Vogler, WC '11, is working on communications projects at the regional office of Christian World Services in Nairobi, Kenya. CWS is a non-governmental organization that works to end poverty and injustice throughout the world by supporting communities, humanitarian relief and by campaigning against the causes of global poverty, according to the CWS website.
Vogler is more than halfway through her year of volunteering, during which she has been reporting, taking photographs, writing and interviewing. She hopes to also begin working on documentaries.
Vogler focused on sports journalism during her time at Richmond, including two years as the sports editor for The Collegian. She had considered working for the Washington Post or ESPN, but she was open to working for newspapers, magazines or television.
"I guess I have always just liked meeting new people ... it kind of came natural to me to do something that involves people all the time," Vogler said.
But she knew she didn't want to start a nine-to-five job right after college.
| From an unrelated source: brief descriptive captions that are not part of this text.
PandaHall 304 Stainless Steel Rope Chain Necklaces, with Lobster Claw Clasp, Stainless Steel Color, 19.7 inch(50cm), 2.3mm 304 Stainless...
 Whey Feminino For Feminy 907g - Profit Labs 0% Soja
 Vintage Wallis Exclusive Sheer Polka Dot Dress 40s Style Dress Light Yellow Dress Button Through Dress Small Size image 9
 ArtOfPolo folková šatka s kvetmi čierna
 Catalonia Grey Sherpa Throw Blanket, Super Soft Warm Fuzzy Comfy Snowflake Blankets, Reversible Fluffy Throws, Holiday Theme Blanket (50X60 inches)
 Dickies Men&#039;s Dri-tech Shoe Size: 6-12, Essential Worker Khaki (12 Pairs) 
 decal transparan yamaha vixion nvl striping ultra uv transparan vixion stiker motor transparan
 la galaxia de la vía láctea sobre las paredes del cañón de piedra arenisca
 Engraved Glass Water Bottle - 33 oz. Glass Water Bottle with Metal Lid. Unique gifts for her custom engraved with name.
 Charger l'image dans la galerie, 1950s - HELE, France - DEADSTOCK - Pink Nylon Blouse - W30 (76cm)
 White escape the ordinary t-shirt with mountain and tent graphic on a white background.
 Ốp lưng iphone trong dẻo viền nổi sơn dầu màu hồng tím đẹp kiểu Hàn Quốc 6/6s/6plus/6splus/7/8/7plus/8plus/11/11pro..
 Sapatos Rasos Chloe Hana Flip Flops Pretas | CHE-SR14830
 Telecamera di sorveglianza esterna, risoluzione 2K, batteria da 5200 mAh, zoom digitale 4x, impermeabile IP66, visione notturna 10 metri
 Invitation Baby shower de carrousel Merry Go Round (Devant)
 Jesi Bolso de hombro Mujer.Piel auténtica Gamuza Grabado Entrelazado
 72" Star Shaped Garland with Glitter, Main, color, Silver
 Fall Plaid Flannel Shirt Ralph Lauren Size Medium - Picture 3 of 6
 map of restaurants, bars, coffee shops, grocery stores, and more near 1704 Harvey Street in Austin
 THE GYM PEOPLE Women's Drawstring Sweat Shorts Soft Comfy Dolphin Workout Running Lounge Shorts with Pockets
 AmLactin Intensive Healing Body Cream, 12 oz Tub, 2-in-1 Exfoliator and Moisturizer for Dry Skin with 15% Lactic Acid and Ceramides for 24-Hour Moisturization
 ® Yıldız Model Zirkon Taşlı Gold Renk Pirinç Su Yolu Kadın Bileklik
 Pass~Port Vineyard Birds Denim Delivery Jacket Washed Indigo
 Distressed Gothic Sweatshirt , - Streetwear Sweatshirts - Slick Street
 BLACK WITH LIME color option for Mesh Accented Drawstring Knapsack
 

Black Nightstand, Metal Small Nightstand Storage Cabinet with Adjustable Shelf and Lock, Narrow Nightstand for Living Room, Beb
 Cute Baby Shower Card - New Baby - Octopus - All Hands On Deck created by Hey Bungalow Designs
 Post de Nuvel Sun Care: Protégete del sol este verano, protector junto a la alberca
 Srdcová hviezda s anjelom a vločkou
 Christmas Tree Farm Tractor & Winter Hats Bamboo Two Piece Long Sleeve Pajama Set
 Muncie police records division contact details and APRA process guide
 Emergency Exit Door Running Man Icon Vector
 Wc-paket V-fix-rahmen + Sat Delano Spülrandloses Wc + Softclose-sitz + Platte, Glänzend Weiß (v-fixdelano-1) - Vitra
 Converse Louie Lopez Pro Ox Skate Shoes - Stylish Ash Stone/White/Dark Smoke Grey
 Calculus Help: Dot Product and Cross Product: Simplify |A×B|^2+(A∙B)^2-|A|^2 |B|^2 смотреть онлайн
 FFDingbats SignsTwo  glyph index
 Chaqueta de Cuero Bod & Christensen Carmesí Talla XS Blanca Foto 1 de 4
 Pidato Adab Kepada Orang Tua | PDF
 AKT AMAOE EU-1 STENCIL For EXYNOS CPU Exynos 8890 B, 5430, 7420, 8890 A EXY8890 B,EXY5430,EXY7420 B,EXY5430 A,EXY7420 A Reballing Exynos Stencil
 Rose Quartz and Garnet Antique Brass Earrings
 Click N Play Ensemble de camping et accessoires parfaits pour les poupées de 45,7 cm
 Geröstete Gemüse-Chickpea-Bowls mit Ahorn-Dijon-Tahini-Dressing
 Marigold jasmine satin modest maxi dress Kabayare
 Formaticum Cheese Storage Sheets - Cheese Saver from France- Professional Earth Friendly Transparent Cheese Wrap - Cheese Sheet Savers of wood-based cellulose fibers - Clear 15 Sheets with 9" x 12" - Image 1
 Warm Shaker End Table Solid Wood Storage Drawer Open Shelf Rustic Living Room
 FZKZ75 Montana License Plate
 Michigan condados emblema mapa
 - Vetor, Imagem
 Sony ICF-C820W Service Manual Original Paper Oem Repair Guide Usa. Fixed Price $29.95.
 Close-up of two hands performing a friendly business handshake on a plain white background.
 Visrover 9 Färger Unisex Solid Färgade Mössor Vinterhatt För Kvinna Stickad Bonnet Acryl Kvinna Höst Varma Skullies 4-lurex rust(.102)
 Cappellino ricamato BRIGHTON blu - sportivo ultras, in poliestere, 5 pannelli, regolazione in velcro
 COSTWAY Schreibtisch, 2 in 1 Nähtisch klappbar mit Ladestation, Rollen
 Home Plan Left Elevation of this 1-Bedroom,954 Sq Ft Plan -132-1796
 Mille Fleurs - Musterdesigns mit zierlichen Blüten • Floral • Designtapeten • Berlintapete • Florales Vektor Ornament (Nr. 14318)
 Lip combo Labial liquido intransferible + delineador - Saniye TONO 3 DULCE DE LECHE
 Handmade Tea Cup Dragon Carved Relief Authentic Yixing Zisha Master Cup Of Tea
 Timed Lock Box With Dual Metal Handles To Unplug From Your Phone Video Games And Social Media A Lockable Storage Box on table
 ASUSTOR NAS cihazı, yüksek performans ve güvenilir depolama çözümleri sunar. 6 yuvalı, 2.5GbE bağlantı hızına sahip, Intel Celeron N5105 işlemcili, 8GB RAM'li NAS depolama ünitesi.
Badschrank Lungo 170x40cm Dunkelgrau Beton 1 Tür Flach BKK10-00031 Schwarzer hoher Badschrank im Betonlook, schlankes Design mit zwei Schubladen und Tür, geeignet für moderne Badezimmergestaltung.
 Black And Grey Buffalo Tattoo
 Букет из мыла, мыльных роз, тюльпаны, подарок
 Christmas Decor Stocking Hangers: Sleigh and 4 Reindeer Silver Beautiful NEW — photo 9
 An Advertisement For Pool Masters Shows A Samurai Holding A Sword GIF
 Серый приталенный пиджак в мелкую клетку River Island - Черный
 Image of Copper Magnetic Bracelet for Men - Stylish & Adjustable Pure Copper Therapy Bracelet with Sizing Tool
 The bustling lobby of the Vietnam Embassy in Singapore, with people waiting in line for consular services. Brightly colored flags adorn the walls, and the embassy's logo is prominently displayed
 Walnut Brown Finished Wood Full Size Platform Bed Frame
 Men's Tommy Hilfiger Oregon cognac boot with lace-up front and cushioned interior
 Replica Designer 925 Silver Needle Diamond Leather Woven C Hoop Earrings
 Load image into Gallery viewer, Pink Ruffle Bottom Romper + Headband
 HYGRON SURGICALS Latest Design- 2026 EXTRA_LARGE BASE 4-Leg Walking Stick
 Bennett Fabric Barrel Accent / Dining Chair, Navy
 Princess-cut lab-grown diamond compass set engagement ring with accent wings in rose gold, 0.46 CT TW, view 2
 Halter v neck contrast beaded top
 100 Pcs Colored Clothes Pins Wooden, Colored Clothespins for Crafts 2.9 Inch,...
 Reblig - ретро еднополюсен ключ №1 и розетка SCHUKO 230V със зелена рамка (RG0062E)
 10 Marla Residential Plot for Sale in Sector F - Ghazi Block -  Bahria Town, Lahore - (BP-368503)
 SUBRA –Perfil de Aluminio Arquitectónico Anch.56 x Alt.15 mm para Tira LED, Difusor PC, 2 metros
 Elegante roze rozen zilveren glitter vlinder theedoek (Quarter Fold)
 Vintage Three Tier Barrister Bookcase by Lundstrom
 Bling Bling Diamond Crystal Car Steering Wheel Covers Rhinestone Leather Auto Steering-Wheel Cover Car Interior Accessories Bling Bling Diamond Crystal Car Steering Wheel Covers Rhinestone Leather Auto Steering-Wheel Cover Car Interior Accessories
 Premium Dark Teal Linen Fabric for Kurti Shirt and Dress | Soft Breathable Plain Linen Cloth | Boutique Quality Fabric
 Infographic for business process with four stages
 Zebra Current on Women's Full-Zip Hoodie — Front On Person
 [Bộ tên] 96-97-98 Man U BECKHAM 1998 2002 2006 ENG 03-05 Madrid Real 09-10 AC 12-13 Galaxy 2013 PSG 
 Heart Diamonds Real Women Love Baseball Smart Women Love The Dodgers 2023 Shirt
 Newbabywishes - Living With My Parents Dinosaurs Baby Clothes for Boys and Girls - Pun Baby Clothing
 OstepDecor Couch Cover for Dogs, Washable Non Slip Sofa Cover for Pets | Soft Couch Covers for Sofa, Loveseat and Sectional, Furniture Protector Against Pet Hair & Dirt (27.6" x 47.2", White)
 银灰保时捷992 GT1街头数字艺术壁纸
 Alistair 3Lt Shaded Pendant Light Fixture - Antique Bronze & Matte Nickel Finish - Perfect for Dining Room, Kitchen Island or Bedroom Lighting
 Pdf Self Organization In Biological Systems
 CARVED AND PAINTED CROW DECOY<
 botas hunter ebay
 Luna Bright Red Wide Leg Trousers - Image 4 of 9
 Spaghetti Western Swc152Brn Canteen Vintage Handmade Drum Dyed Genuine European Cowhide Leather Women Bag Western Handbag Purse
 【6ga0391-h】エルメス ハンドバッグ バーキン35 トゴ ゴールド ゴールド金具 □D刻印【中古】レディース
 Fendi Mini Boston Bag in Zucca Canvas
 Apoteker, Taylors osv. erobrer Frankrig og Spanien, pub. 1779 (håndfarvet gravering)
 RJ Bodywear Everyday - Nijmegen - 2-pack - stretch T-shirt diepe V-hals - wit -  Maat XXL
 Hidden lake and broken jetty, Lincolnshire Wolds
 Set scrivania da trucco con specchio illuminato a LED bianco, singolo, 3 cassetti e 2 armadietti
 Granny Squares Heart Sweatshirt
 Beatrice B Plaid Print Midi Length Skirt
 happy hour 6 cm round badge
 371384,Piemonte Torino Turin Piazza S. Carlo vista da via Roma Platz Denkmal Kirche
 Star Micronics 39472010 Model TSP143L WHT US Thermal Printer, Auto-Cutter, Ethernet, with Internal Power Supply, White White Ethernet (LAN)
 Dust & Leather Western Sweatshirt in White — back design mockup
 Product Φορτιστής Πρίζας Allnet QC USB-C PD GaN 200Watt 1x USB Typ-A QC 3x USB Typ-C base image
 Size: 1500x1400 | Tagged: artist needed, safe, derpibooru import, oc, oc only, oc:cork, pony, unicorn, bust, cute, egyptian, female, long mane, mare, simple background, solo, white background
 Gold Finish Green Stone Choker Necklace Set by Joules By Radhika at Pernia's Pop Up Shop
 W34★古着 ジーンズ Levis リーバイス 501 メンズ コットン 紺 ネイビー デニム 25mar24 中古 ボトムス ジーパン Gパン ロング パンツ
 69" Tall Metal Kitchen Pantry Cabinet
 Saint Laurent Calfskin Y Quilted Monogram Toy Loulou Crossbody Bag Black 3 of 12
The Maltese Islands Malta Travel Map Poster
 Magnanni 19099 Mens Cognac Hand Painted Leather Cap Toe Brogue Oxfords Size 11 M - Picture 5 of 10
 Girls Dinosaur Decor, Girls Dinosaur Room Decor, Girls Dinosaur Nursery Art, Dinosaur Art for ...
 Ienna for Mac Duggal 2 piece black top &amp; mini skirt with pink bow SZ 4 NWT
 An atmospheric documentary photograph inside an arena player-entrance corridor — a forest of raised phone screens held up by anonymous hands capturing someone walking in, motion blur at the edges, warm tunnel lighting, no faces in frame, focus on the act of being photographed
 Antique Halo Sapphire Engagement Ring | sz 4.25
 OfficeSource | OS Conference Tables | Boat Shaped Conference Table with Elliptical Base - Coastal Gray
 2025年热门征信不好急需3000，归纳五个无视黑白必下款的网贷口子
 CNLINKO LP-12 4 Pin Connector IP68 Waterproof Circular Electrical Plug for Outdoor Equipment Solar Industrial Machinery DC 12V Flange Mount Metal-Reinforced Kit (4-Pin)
She considered the Peace Corps, but was hesitant about the two-year commitment. Vogler found her one-year opportunity with CWS more appealing. She said she had now realized that a year goes by really fast, which was bittersweet.
Vogler was comfortable with volunteering in Africa because she considers travel to be one of her hobbies.
"I guess I've always been into travel, and I think that comes from just being exposed to travel at a very young age," she said.
When Vogler was young, her mother worked for US Airways, which allowed the family to fly stand-by for free. Her childhood bedroom decor included National Geographic covers collaged on the door. And during college, she studied abroad at the National University of Ireland, Galway.
Her friend Lauren Camuso, a senior, said that when Vogler first told her she was going to Africa, she was really proud of her for doing something different and meaningful, as well as having an adventure.
Vogler said she most enjoyed being able to see and show other people a different side of Kenya and East Africa.
"Most people just kind of think my life is like 'The Lion King' and sometimes it is, but it's not like 'The Lion King' at all when I'm at work," she said.
Vogler has been out on safari, but she also enjoys the local transportation, or matatus. She said the 14-passenger vans were similar to really scary clown cars with rap music blaring, packed with a variety of people and sometimes animals.
Along with the moments she enjoys, she said Nairobi could be dangerous and difficult. Vogler said being white was difficult in certain situations, especially when street children came up to her and asked for money. As a volunteer, Vogler only receives a stipend for living expenses. She tries to carry snacks to give the kids instead.
"It's frustrating because just because I'm white doesn't mean I have money. I have a very strict budget and am living within my means," she said.
Life in Nairobi is not without its dangers, especially for westerners, including kidnappings, bombings and muggings, but Vogler chooses to continue on with her daily work and activities.
Although the differences between her lifestyle in the U.S. and in Kenya are significant, she said she did not miss America a lot because she could get many of the things she would miss from America in Nairobi, including shopping, movie theaters and restaurants.
She said she did miss being able to attend Homecoming, but she and her friends back home knew that Africa was the right place for her to be.
Camuso said many of Vogler's friends were in the Washington, D.C. area and Vogler might have initially been nervous about the time commitment, especially because at Richmond there was pressure to get a good job right out of school and start making money.
"[Vogler's volunteer work] is just so alternative and not focused on the monetary aspects, but just really getting out there and helping other people, and being able to gain life experiences and personal growth," Camuso said.
Vogler will leave Kenya in August or September 2012. She said she would like to continue doing communications for an NGO or living abroad, preferably in east Africa. She would also look for openings at National Geographic or a large sports news outlet. Her current job made her interested in continuing NGO work, but she said if there was an opening at ESPN tomorrow, she would have to take it.
"Because as much as I love the Barclay's Premier Football League, I need my March Madness, and I need my American football," she said.